# Good smoker or cheap smoker?



## Fusion_power (Jan 14, 2005)

Stainless steel, large size, with wire protector, do NOT get the cheap rubber/plastic bellows. Dadant will last a lot of years. I am using a 25 year old Kelley and have two backups.


----------



## Treehopper (Dec 9, 2012)

accidents happen, but I hate buying a tool twice...I try to buy one grade higher than I think I can afford. I have the same dadant, and am very pleased with it.


----------



## D Coates (Jan 6, 2006)

Get the good Stainless Steel one (Dadant). I've entering my 11th year beekeeping and I've had to replace the bellows twice but the smoker itself is rock solid. To be fair my smoker is exposed in the back of my truck (except during winter) so the UV and weather may have shortened the bellows life.


----------



## Fusion_power (Jan 14, 2005)

> It was hard to get lit.... it was no match for a Ford.

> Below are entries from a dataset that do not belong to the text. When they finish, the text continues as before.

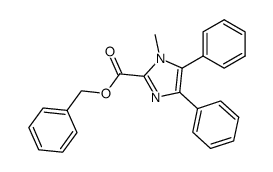 benzyl 4,5-diphenyl-1-methylimidazole-2-carboxylate Structure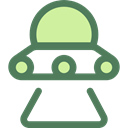 Ufo, spaceship, transportation, Alien, transport, extraterrestrial, Science Fiction DimGray icon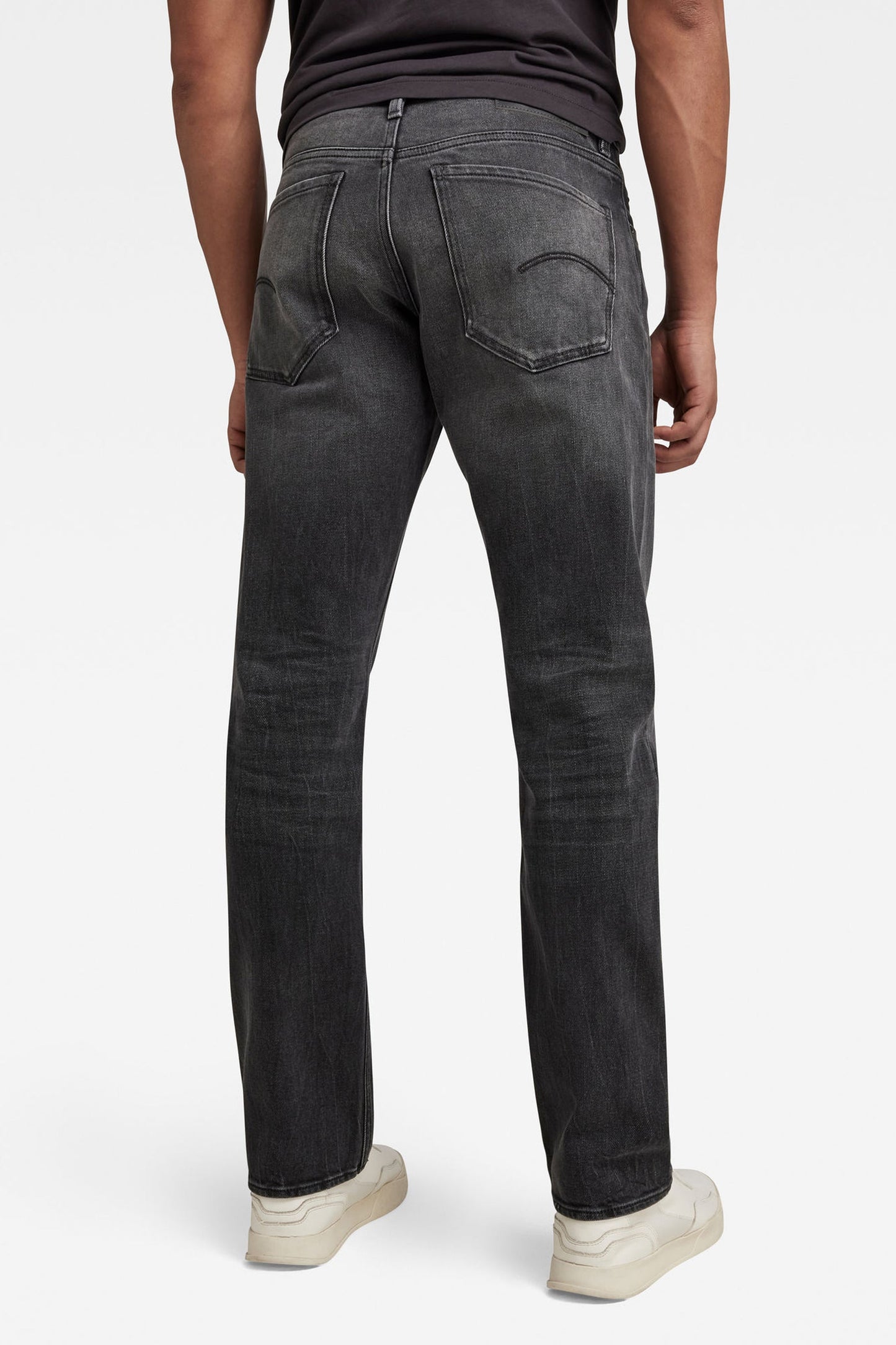 MOSA - Donkergrijze Denim Jeans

 I never had a problem getting my Ford lit either. A gallon of gas and a match was all it ever took.


----------



## Rusty Hills Farm (Mar 24, 2010)

FWIW: I've got 2 smokers. Both are from Dadant and both are 25+ years old and both work like a charm.

HTH

Rusty


----------



## Billboard (Dec 28, 2014)

Get this one. This is the one everyone is talking about. I bought it too works great. https://www.dadant.com/catalog/m009281-smoker-4-x-10-stainless-steel-with-heat-finger-shield


----------



## Tim KS (May 9, 2014)

Brad Bee said:


> I've found myself recently in the market for a new smoker. My recently deceased smoker was from Mann Lake. I can't say that it was great and I can't say that it wasn't. It's the only one I ever had. I know 2 things about it: It was hard to get lit, more specifically it was hard to keep lit for the first 15 to 20 minutes of use and secondly it was no match for a Ford.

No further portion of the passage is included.